The little boy also really reminded me of a clip from the movie “On Coal River,” which we watched while in West Virginia. It showed a science fair in a public elementary school that was sponsored by the organization Friends of Coal, and most exhibits featured coal, always in a positive light. One small boy, not much older than the boy in the picture, was asked what he wanted to be when he grew up. He appeared very distraught and undecided as he said, “well…I guess either a coal miner or a soldier…” This clearly conveys the choices children feel they have in these public schools whose little funding comes largely from coal companies, thus privatizing the education received. The only alternatives to the young boy’s top decisions would be low paying retail and food service jobs (there aren’t many of these available either) or drug dealing.
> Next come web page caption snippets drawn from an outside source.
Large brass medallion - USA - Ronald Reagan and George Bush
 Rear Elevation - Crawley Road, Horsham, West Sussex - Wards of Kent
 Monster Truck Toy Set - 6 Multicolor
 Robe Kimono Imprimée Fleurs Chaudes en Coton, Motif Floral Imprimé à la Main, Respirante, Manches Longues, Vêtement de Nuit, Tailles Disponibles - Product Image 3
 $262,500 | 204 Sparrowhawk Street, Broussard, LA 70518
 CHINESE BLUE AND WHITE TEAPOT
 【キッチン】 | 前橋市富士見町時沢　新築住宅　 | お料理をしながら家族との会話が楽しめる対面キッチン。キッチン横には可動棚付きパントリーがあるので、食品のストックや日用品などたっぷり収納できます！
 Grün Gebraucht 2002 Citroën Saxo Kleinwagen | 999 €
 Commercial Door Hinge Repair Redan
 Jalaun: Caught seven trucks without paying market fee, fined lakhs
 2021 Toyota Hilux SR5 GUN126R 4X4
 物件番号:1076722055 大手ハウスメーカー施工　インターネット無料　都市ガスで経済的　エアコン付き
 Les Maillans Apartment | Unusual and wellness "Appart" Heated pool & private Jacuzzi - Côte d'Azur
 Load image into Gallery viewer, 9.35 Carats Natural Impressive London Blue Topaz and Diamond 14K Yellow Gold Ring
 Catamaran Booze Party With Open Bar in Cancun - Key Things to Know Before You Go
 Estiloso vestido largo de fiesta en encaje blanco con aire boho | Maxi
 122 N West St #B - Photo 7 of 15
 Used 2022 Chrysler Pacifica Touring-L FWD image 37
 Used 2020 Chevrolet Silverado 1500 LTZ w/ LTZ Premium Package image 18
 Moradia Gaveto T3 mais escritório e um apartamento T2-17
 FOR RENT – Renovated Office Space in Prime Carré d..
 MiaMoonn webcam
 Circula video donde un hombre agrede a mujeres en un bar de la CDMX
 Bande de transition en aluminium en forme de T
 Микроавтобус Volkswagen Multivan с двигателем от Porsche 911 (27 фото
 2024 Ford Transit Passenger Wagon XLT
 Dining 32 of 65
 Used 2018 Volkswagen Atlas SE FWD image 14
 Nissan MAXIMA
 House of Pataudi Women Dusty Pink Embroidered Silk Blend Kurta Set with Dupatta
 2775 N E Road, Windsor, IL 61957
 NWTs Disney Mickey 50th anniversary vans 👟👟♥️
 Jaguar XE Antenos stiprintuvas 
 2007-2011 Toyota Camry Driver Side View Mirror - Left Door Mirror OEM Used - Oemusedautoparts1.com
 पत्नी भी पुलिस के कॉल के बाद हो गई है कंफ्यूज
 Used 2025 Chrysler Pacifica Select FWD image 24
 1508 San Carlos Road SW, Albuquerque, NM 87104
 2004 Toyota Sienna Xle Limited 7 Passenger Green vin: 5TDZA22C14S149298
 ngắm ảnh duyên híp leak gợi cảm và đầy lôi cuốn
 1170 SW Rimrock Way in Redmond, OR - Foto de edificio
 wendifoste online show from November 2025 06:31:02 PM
Arrests for dealing, particularly of prescription drugs, is incredibly common around these poor communities in southern West Virginia, as I learned from one of our guides who pointed out a drug bust of flashing police cars that we drove by one night. He said police were more vigilant and surveillance more extreme here than anywhere else in the US with the exception of inner cities. Similar to Meiners’ description of the criminalization of poor youth of color in urban schools, the youth of Appalachia living in poverty are turned into public enemies. It’s hard to say whether this over policing is the result of a bad reputation for drug dealing in these areas or this reputation exists here because, as Meiners argues for inner city schools, children begin to see themselves as criminals through discipline practices of public schools, because this is something I don’t know much about.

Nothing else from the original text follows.